Ireland's entry was very much a reflection of contemporary Ireland, and appealed to the modern young generation of fans the contest has attracted in recent years.
Credit also must go to RTE, often bashed by Eurovision fans and the public at this time of year. In a leap of faith, the broadcaster gave Ryan the space to stage the song as he had envisaged.
"They really listened to my vision for this project and having the open mind to have the two dancers, it really shows that we're moving forward as a country."
RTE this year have also firmly dispelled the notion they don't want to win again. Sure, they wouldn't like the bill it would land them with. But there has been a reigniting of passion at the broadcaster for the event.
The usual naysayers will be out in force when the cost of this year's contest to RTE is revealed, but there are two important points to consider. RTE operated on the ground in Lisbon with a skeletal staff compared to the majority of other European broadcasters. Eurovision produces eight hours of prime time live TV, at a far lower price than it would cost most broadcasters to produce the same amount of hours of live entertainment TV content in-house.
In fact, given the total costs, the Eurovision is considerably better value to the licence-fee payer than many major sporting events. But there are rarely calls for RTE to drop the World Cup or Euros when we don't even qualify for them.

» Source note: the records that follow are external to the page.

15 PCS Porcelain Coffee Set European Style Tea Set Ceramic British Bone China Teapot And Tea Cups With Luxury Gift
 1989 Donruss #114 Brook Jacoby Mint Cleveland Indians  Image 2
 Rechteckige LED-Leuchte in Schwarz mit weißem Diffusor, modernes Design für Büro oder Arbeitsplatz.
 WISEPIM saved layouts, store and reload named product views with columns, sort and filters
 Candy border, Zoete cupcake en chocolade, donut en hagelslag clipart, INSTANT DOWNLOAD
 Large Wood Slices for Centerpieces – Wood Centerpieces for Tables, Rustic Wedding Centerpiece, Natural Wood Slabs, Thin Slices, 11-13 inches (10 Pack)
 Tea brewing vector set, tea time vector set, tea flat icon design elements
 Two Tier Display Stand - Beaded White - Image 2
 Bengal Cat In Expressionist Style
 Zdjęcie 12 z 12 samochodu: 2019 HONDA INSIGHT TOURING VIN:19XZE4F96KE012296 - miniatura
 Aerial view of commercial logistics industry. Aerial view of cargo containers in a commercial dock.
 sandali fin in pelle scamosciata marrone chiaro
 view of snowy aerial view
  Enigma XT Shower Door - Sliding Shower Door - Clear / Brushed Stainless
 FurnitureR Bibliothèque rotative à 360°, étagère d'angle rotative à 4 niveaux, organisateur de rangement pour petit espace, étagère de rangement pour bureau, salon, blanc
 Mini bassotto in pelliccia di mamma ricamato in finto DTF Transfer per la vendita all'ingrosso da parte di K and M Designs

Yes, we all went a little nuts betting money on ourselves, but the result is still our best in seven years. Given the odds we were faced with before the contest, qualification and a respectable mid-table finish with 136 points (our most in the final in 21 years) we had an excellent return.
But the main result is the success the Ireland team had in sending their message, and how it spread a positive message of hope well beyond these shores. When taken from that perspective, this year's Eurovision could never be classed as a disappointment for Ireland.
In a year's time no one will remember where we finished on the scoreboard, but they will remember the barriers the Irish entry broke in 2018.
It won't be Dublin 2019, but we can now have renewed faith Eurovision will come back to Ireland again someday.